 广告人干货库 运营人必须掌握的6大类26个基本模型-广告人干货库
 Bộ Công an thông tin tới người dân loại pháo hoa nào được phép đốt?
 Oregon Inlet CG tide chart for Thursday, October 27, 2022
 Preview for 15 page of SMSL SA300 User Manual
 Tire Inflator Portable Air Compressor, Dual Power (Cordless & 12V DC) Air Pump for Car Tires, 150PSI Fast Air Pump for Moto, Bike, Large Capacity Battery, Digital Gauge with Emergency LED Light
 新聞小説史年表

--

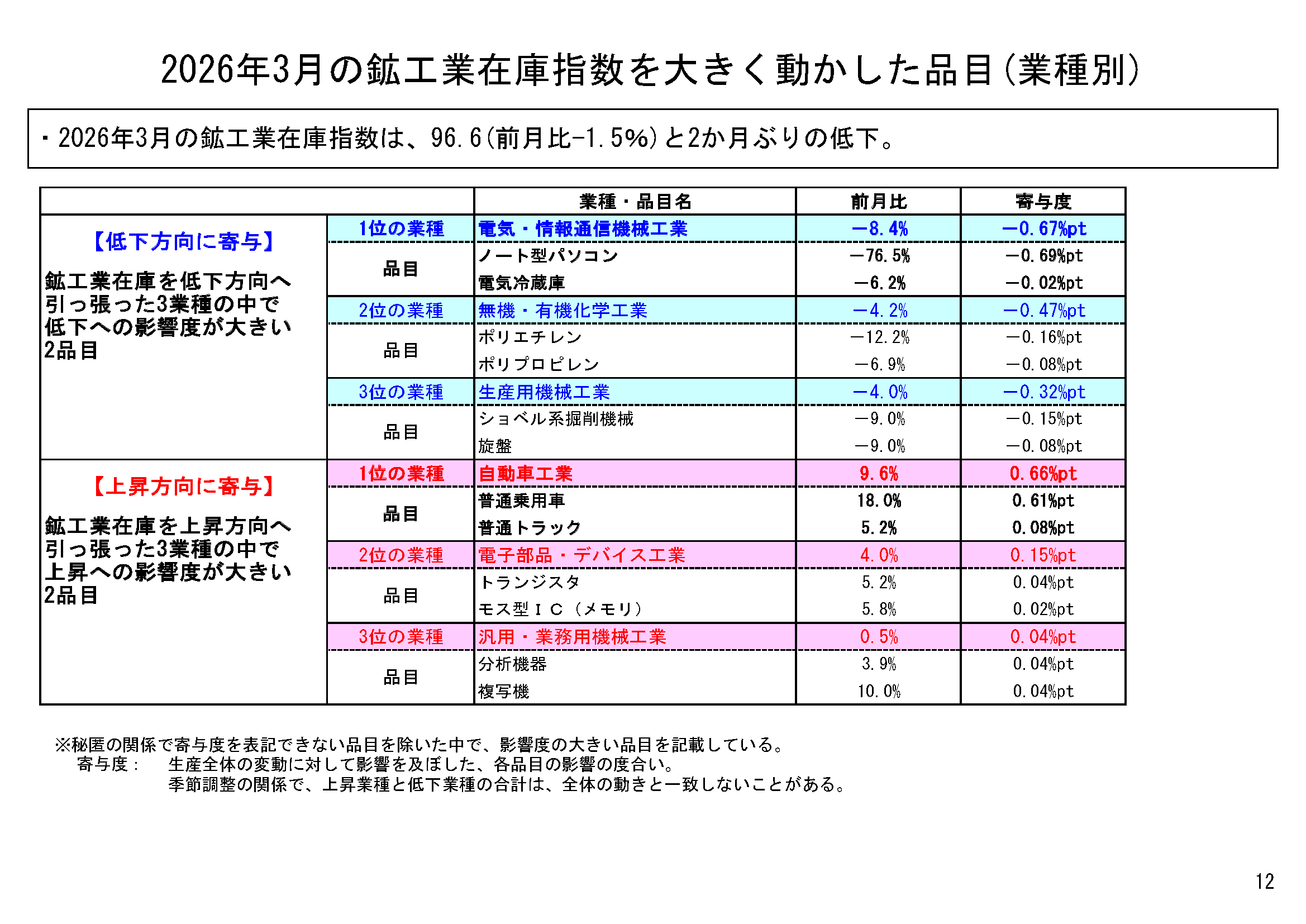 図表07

==

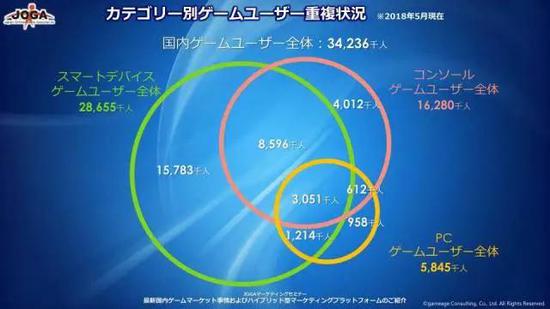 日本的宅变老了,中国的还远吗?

● **EXERCISE BRIEF**
Your task is to retype the entries verbatim, starting with the line that holds "广告人干货库 运营人必须掌握的6大类26个基本模型-广告人干货库" and stopping after the line that holds "Preview for 15".

● **RESULT FOR THIS EXERCISE**
 广告人干货库 运营人必须掌握的6大类26个基本模型-广告人干货库
 Bộ Công an thông tin tới người dân loại pháo hoa nào được phép đốt?
 Oregon Inlet CG tide chart for Thursday, October 27, 2022
 Preview for 15 page of SMSL SA300 User Manual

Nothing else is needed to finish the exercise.